Por CLAUDIA ZAPATA SILVA
Abril 2019

Hace ya más de 25 años el desaparecido crítico palestino Edward W. Said nos recordaba que “[e]n esto consiste la tragedia parcial de la resistencia: en que, hasta cierto punto, debe esforzarse por recobrar formas ya establecidas por la cultura del imperio o, al menos, infiltradas o influidas por él”.[1] Esta concepción de la resistencia (inspirada en el pensamiento de Frantz Fanon, no está demás decirlo) visibiliza ese espacio de intersección conflictiva y jerárquica entre colonizadores y colonizados que inauguró la conquista europea de estas tierras desde fines del siglo XV, permitiéndonos calibrar la importancia que tuvo y que tiene hasta hoy la apropiación por parte de los pueblos indígenas de esa trilogía que fuera fundamental en la empresa de conquista, pero también en los intentos por combatirla: el caballo, la pólvora y la escritura.

Esta última —la de la escritura— ha recibido menos atención de la que merece, lo que tiendo a explicar por la exigencia de diferencia cultural radical que se hace con demasiada frecuencia a los sujetos indígenas, una exigencia que consciente e inconscientemente también aspira a que estos pueblos desplieguen formas de resistencia que respondan a esa diferencia. Y la práctica de la escritura, en tanto tecnología importada e impuesta desde Europa, no cumple con esas expectativas.

¡Aquí estamos todavía! se aleja deliberadamente de estas exigencias que su autor, Enrique Antileo, denomina sin contemplaciones como “etnicismo esencialista rudimentario”, para alinearse con esa perspectiva saideana (y fanoniana) que comprende la resistencia como un proceso histórico condicionado por la correlación de fuerzas que ha sido forjada por la colonización, cuya ideología inferioriza a los originarios, construyendo un retrato atemporal de ellos. Por el contrario, el reconocimiento de estas intersecciones resitúa a los pueblos indígenas en la historia, por medio de su instalación en la escena más impura de todas: la de la política.

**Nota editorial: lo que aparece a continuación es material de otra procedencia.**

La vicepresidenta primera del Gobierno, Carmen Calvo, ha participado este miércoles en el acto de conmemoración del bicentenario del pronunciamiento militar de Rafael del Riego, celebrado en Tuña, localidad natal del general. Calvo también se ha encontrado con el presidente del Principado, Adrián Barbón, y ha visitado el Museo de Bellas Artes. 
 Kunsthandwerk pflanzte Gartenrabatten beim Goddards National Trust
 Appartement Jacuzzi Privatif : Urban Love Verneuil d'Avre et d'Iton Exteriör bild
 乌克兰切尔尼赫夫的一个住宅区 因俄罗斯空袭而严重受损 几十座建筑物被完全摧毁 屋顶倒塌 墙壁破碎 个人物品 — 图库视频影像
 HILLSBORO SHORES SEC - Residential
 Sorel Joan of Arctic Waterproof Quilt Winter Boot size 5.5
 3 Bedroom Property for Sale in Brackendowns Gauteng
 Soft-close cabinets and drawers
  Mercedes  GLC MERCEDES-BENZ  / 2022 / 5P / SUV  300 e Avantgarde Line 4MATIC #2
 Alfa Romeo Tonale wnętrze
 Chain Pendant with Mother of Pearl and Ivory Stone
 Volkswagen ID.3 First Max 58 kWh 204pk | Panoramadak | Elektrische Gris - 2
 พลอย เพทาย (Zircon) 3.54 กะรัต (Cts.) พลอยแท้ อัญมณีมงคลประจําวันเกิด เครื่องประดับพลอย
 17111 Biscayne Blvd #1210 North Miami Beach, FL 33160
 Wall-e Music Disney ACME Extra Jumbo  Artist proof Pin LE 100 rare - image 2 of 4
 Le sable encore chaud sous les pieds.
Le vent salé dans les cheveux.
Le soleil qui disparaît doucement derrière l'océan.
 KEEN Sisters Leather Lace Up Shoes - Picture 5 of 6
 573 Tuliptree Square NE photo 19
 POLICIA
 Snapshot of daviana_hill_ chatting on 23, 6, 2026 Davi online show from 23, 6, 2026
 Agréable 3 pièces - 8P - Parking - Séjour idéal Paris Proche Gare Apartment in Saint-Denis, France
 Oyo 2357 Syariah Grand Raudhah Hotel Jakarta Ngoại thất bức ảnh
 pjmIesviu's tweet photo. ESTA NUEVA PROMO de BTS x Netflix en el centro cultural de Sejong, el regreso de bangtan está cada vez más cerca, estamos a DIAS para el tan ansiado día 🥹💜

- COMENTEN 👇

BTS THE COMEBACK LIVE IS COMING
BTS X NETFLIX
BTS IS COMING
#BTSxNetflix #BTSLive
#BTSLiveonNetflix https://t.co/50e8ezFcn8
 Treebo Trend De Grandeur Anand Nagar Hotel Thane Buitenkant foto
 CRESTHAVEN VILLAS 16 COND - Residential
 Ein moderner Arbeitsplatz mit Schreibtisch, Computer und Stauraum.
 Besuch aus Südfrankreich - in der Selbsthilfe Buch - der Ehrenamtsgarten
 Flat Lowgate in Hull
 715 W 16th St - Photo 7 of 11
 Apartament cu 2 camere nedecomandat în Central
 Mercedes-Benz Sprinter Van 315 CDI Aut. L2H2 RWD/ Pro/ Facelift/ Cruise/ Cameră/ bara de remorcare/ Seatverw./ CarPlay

En efecto, Enrique Antileo articula su propuesta en torno a dos conceptos fundamentales de esta escena: pensamiento político e intelectualidad colectiva. A partir de ellos analiza de manera profunda y propositiva, pero también provocadora, el ciclo más contemporáneo de movimientos indígenas en América Latina, deteniéndose de manera particular en Chile y Bolivia, comparando de manera productiva e iluminadora ambas trayectorias.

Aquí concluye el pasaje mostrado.